The bottom-up approach to law and property goes hand in hand with opposition to centralised plans. It is to this, Mount argues, that we owe the higgledy-piggledy contours of the English village and the market town, and it is the effort to preserve those contours that has led both to the resistance to modernist architecture and to the attempt to preserve patina at all costs — even the attempt to build patina, as at Poundbury, an attempt that Mount dismisses in a rare moment of dissent from what might be called Betjemanite orthodoxy. 

It is not only the towns and villages of England that owe their appeal to their unplanned neighbourliness. Mount suggests that the same is true of the English countryside, which emerged from an evolving consensus in which neighbourly friction and common law litigation were far more important than top-down plans. He recognises that the passion for the picturesque led to some radical attempts to plan the countryside, often with scant regard for its existing occupants. But, as he points out, the intention was to create another version of the spontaneous order that was being destroyed. As he puts it: “English beauty was traditionally an under-designed, accidental beauty — like the beauty of the classic English field gate, which happens to have the same aspect ratio…as 35mm film, old-fashioned televisions and human vision.” That observation is characteristic: at every juncture Mount is able to back up his observations with odd and interesting facts, so as to paint the portrait of a country that is as eccentric and individual as any character in Dickens. 

On the whole, when it comes to the question of how we should build, Mount sides with the traditionalists against the modernists. Respect for the past, he argues, is an indelible feature of Englishness, and the new kind of architecture, designed to stand out rather than to fit in to the existing fabric, expresses a kind of nihilism — by which he means a repudiation of the need for settlement.

I applaud the way in which Mount looks for deep explanations of what seem at first sight to be superficial facts, and I endorse his vision of the English peculiarity. If I have a reservation about his argument it concerns his somewhat selective approach to our national culture, with important components hardly mentioned despite their connection to the land. Religion puts in only a few appearances, and English music is dismissed in a single sentence, in which we learn that we have no Mozart or Beethoven to our credit. Nor do the great poets and painters occupy much space, even though it is they who gave rise to the collective effort to preserve our country from the ravages of the Industrial Revolution. As Mount sees things, “this blessed plot, this earth” shaped the character of those who settled here. But they in turn shaped the blessed plot into “this realm, this England”. They did it by imprinting the landscape with a distinctive personality. 

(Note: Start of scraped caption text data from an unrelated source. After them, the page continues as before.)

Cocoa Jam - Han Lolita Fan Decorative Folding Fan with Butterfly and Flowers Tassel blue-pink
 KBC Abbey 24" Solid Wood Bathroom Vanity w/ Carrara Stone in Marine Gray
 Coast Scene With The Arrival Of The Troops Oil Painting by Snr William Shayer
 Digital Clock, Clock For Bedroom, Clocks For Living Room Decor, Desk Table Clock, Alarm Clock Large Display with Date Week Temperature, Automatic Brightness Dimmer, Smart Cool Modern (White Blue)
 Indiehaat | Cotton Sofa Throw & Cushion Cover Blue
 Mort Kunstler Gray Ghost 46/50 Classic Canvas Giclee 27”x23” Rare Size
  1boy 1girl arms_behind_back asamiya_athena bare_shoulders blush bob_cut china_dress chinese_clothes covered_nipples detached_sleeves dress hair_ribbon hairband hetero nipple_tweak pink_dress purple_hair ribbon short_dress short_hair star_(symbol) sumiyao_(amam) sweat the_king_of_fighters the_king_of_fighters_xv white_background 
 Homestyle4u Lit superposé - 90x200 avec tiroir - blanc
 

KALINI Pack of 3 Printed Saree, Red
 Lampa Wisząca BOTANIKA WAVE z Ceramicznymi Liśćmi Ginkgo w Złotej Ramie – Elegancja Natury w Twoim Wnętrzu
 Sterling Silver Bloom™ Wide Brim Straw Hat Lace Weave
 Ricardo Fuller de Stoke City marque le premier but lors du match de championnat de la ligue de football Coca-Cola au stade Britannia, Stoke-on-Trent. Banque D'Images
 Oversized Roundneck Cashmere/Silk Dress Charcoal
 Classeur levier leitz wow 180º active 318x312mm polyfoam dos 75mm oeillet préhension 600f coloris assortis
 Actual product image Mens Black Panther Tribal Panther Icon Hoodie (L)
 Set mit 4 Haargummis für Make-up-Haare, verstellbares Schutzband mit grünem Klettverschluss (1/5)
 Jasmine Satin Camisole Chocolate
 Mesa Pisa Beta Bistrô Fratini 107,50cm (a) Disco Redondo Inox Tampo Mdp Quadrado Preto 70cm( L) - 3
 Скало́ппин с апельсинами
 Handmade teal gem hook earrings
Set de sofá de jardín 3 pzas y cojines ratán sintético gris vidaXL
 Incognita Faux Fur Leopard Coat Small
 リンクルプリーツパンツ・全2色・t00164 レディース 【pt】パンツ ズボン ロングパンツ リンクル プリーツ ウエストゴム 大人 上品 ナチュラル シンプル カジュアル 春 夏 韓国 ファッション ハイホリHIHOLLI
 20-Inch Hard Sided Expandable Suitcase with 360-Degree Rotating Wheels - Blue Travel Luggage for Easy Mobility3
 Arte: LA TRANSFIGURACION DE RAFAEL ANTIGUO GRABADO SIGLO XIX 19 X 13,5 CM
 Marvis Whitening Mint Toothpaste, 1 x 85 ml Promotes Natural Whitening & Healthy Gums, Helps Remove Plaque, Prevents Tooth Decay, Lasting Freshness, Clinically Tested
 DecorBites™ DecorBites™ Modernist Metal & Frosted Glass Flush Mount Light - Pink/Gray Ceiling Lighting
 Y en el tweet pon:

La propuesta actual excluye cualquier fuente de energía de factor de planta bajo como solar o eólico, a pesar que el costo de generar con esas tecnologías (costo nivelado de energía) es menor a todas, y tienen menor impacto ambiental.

I agree with that.  But then it is necessary to say more about the personality of England, about its roots in the Christian religion, its embodiment in the common law, and its transformation by art and literature into the historically entitled occupant of an island home. From Shakespeare onwards the landscape of England has been represented in art, literature and music as enchanted. This is not a fiction, but a human achievement, and one that is now under threat from mass migration, from educational decline, and from a loss of the spiritual certainties that were relayed to the English by the Christian faith. It is good to remind his English readers, as Mount does, of their indebtedness to the soil and the wind. But they should also remember the hymn singing, prayer-book quoting subjects of the Crown who, in the wake of Wordsworth and Coleridge, began the great attempt to rescue their country from the modern world.